▶ **MATERIAL PROVIDED**:
____________

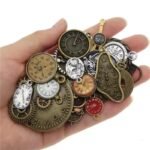 breloque cadran unique style steampunk de montre roas200 907 1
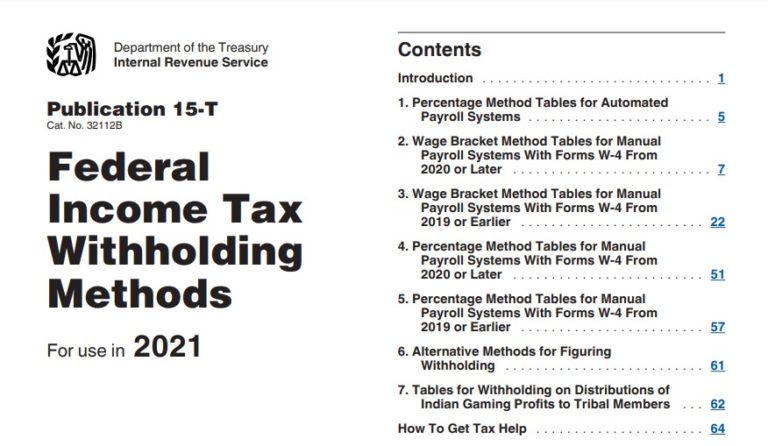 Federal Income Tax Withholding Tables 2021 768x446 
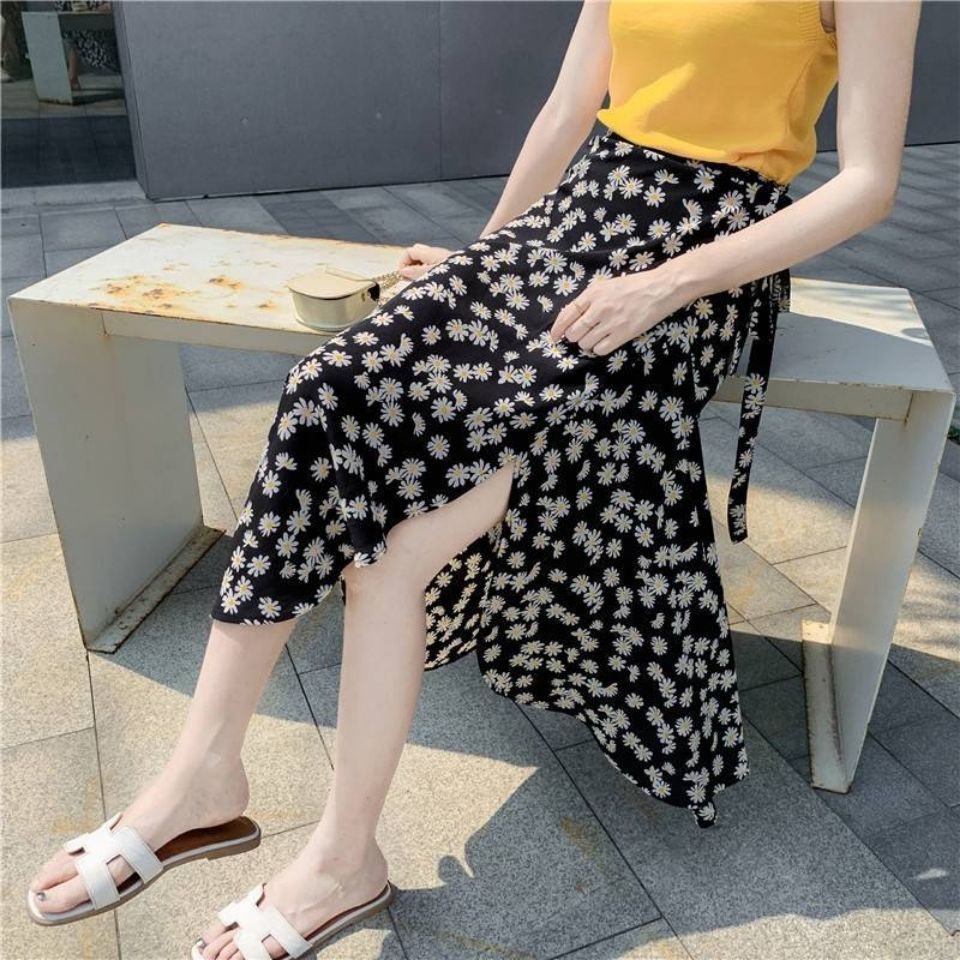 Chân Váy Voan Dài In Hoa Thời Trang Mùa Hè Dành Cho Nữ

____________

▶ **PROBLEM TO SOLVE**: Output all lines above precisely. Pictures are to be left out.

▶ **TASK RESULT**:
 breloque cadran unique style steampunk de montre roas200 907 1
 Federal Income Tax Withholding Tables 2021 768x446 
 Chân Váy Voan Dài In Hoa Thời Trang Mùa Hè Dành Cho Nữ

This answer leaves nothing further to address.